KH – “Everything in the movie that Billy does was 50% an idea. Like, Billy does something bad. But we didn’t know what that something was. But the transformation of the character itself was more Brett than us. Like the mirror scene in the bathroom? That was Brett’s idea. That wasn’t even in the script.”
BD – “I gotta be honest, thinking back, I don’t even remember how Billy kind of evolved. It just sort of happened organically. We had a week of rehearsals. And again, because we’re such good friends, it just came about while sitting around shooting the shit. Like, oh wouldn’t it be funny if this happened? Or wouldn’t this be crazy?”
KH – “I don’t know where he got Billy but it was fun to watch him get there.”
BD – “I don’t necessarily know if I can take credit completely for it. I think it just sort of evolved through spitballing ideas.”
KH – “I think when people see Junk, they’ll watch Brett’s physicality. Sometimes when I was watching him on set, I’d think Brett is just acting. But when you see it on playback, it’s like seeing a puzzle coming together. He became that character. And we shot the scenes out of order. Ramon and I just watched him feeling like we were observing this greater force than ourselves.”
BD – “Hah! It was fun. I think I had a thing to while we were filming where I tried to make Ramon laugh a lot. So I would try to make him laugh and he would go to Kevin and be like this is funny, let’s do this.”
KH – “Yeah that’s true.”
BD – “I kind of used Ramon as a Go-Between a little bit. I mean, because that’s a lot of responsibility. Kevin had to think about starring in, directing, writing, and all the things that come along with shooting a low budget movie. So Kevin was pretty stressed. So a lot of times, I wouldn’t go directly to Kevin. Instead I’d take my ideas to Ramon. I’d say don’t you think this would be funny and he’d agree and say he’d go tell Kevin.”
Was this your first ever on screen sex scene you had to do?
BD – “Err…nnnnyyyyyeeeeaah. In the act sex scene? Yeah. I’ve previously done the leading up to, and then the post, but never the during.”
I’d imagine that could be kind of a weird experience.
BD – “It was alright.

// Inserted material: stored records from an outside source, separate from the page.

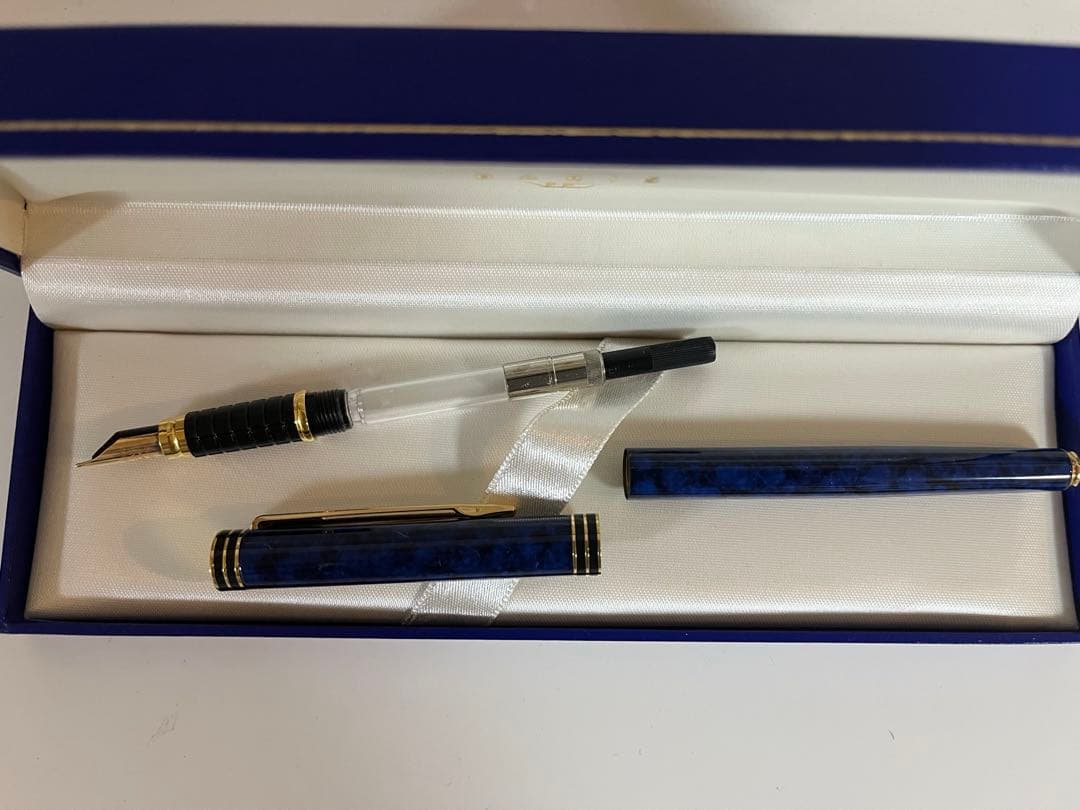 Waterman fountain pen with sleek design, uncapped showing nib, black body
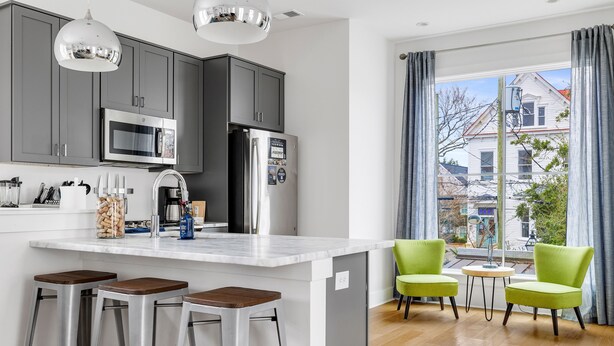 A modern kitchen with grey cabinets, stainless steel appliances, and a large island with bar stools. There are two green chairs and a small round table near a large window with a view of a house.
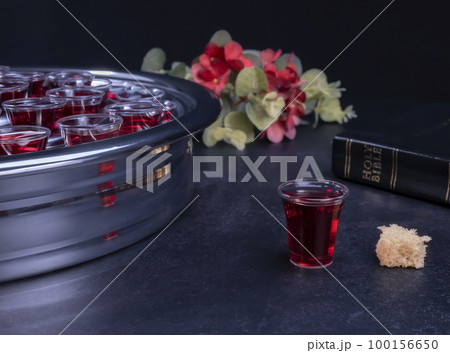 Taking communion the wine and the bread symbols on black background Taking communion the wine and the bread symbols on black background 100156650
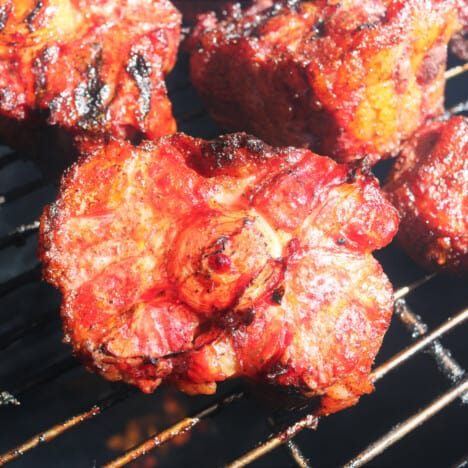 Smoked oxtail sitting on a grill grate in a smoker.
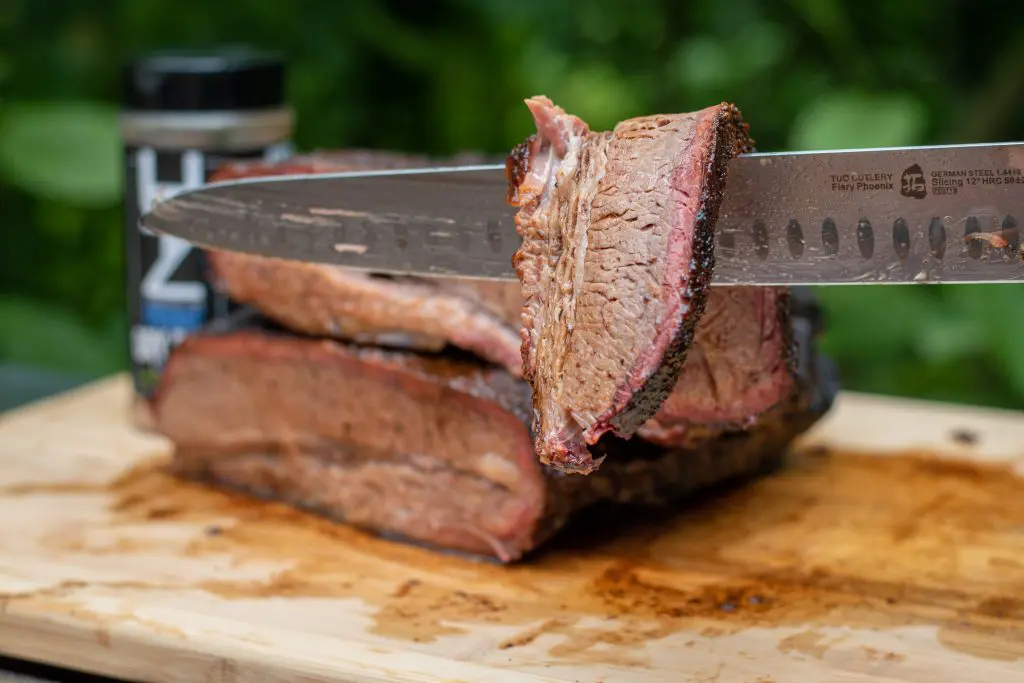 knife holding slice of brisket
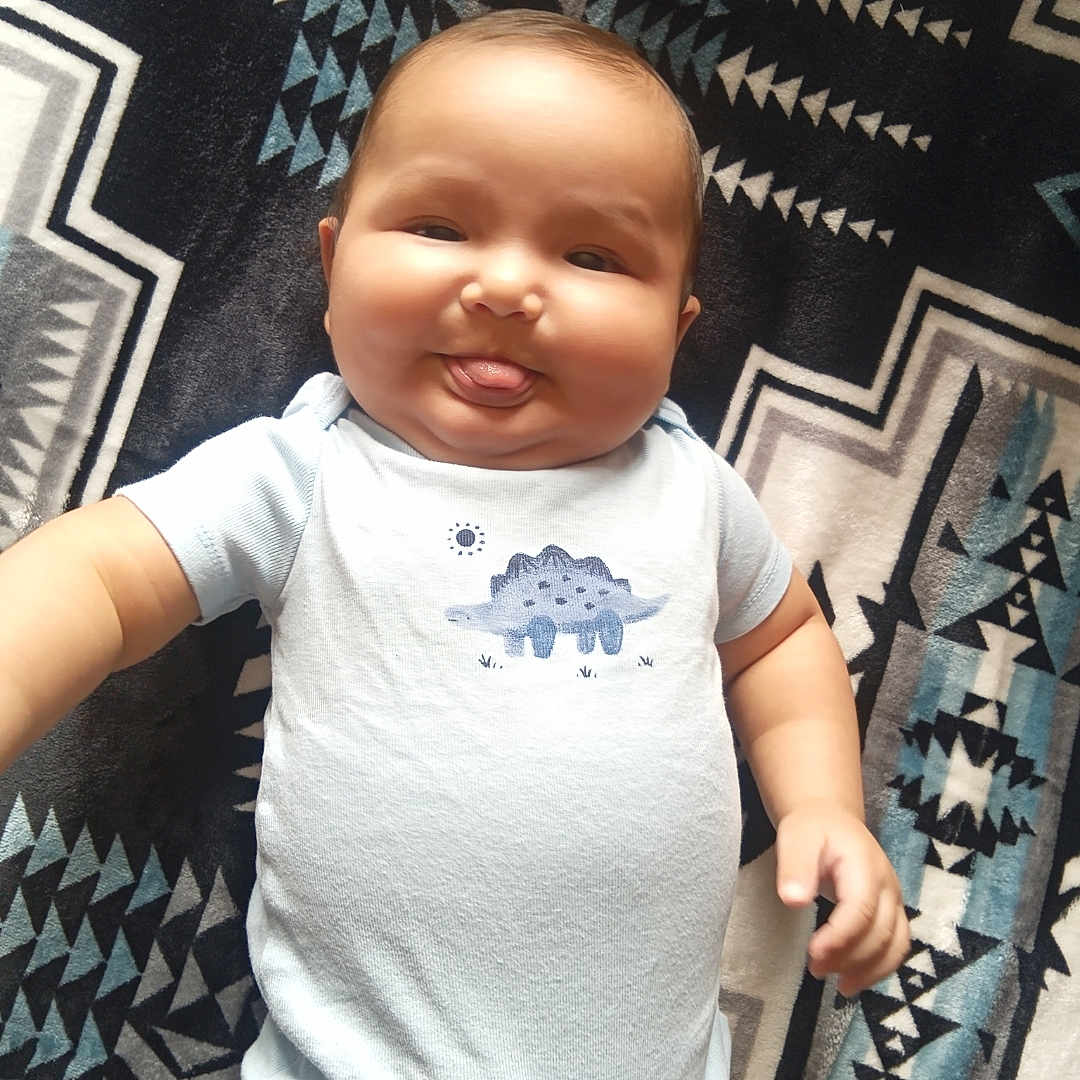 Phaylon is registered to the contest to win money with this photo: baby, infant, child, portrait, lying_down, tongue_out, playful, happy, face, smiling, onesie, dinosaur, blanket, patterned_blanket, indoor, close_up, five_months, tiktok_watermark, text_overlay, safe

We had fun.”
That had to have taken a while to shoot.
KH – “A couple of hours. I mean, we couldn’t have a naked girl there all night because then we’d have to be like….alright we’re sorry. We’re not paying you enough to have you nude for six hours.”
BD – “Yeah that was fun. That scene was definitely scripted.”
KH – “That was the one Billy transformation scene that we had on paper. The smoking, the hair, the glasses, that was all Brett.”
BD – “But I think that also lends itself to the rehearsal process. That’s so important, you know?”
KH – “I think so.”
So, where to now that the movie is complete? What are the plans going forward with Junk?
KH – “Well, we just got a consultant attached. We’re looking for a sales agent and waiting on film festivals.”
Do you have any ideal festivals you’d like the movie to be accepted to?
KH – “South By, Tribeca, Berlin…all those. There’s too many to really name right now but I’ve been seeing emails here and there. Right now, I’m just waiting to hear.”
BD – “It’s funny because it’s going to start being like the movie. It’s a vicious cycle.”
Well once this craziness dies down, what’s next on the horizon for you guys?
KH – “Me and Ramon are developing four projects. People are reading a couple of them. I can’t really say much more about that right now.”
BD – “We’re starting up Season 2 of Awkward soon. Lots of big stuff. I’ve been in the writer’s room. There’s some crazy stuff that’s gonna happen. Some things people are not going to see coming.”
KH – “They gonna rape her or something?”
BD – “Hey! Hey! This is not one of your movies!”
And with that, our night came to an end. Kevin and Brett are currently busy with a number of projects. No new news yet has surfaced about Junk’s status in the film festival circuit but I have a good feeling we’ll be seeing this movie in theaters by year’s end. And besides the new Season of Awkward, you can check Brett Davern out later this year in the Indie Horror film The Culling.